Das hat mit der Haltung zur EU oder NATO erst einmal nichts zu tun. Ich wollte nur aufzeigen, wie sehr sie sich in zwei durchaus zentralen Punkten einig sind.

Über die TÜR habe ich mich schon mehrfach geäussert. IMHO hätte man sie bereits aus der NATO rauswerfen sollen, als sie anlässlich des Zypernkonflikts die Hälfte der Insel zuerst besetzten und de facto anschliessend durch Kolonisierung (Ansiedlung von Festlandstürken) dauerhaft okkupierten.

Genauso hätte die TÜR niemals Kandidat für den Beitritt zur EU werden dürfen. Die Kriterien erfüllten sie noch nie, unabhängig von meiner Meinung, dass sie nur wg. mit dieses Restzipfel auf dem europ. Kontinent per se nichts in der E-U zu suchen haben.

Nun sind Jahrzehnte vergangen und es hat sich bis auf gelegentliches Tauwetter nichts wesentliches geändert. Die TÜR zu hofieren war damals ein Wunsch der USA. Die Gründe, so militärstrategisch sinnvoll sie damals gewesen sein mögen, ziehen ebenfalls seit Jahrzehnten nicht mehr.
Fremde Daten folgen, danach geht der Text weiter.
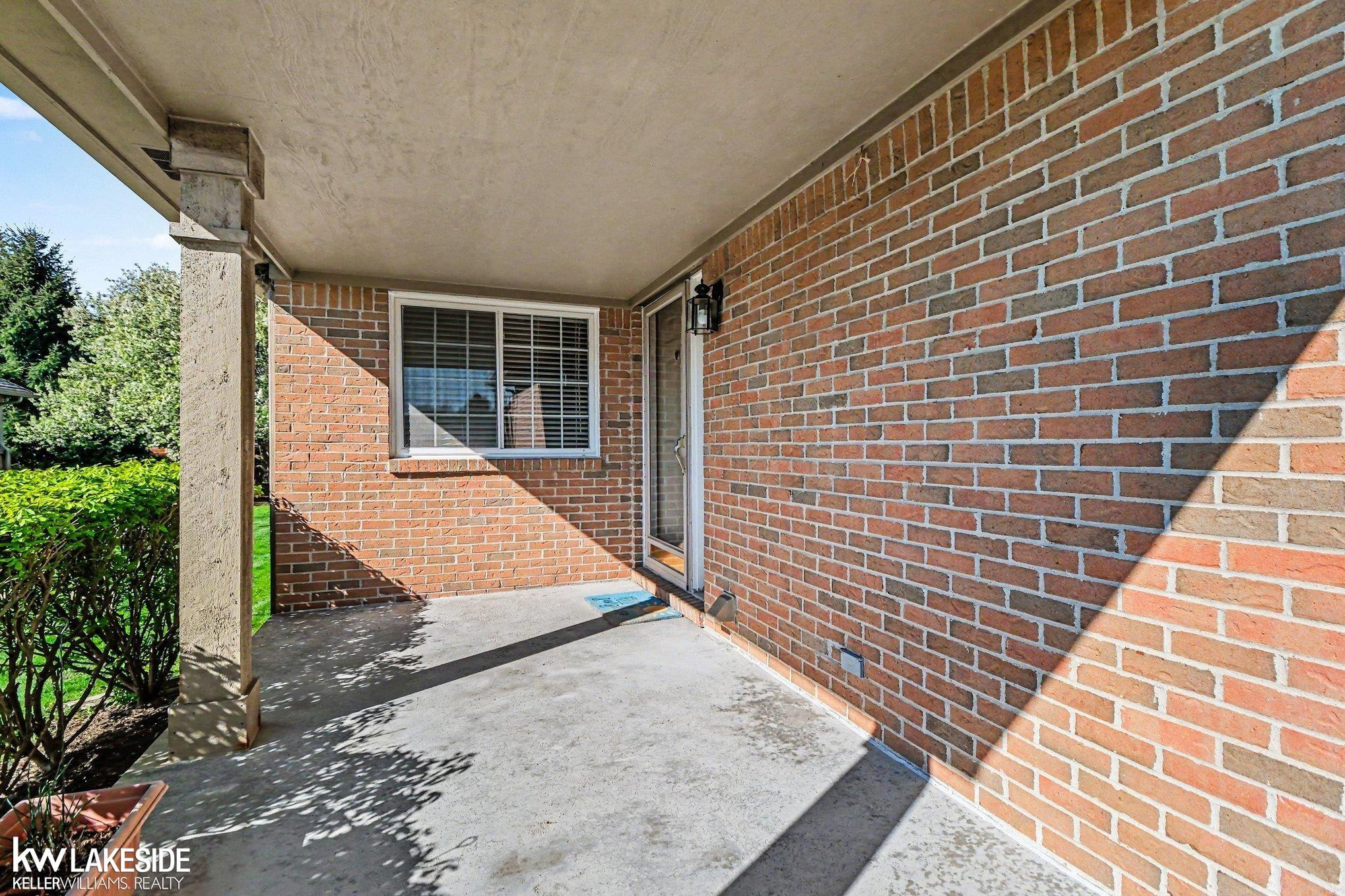 33832 Michigamme Drive, New Baltimore, MI 48047 — Photo 24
Und die Haltung der EU, dass man nun u.U. darüber diskutieren würde, ob man vielleicht noch darüber sprechend muss, dass man ggf. erwägen sollte den Beitrittsprozess mal wieder vorübergehend aus Eis zu legen, zeigt nur die völlige Unfähigkeit der EU auch mal Nägel mit Köpfen zu machen.

Jetzt wird eben so getan, als wäre die Einführung der Todesstrafe dann aber auch wirklch die allerletzte rote Linie, die Erdogan keinesfalls überschreiten darf. Bis er es macht … dann werden neue, nicht existente Grenzen aufgezeigt. Die EU lässt sich wie ein völlig verblödeter Ochse am Nasenring durch das Dorf ziehen. Keine Eier, kein Hirn und kein Rückgrat.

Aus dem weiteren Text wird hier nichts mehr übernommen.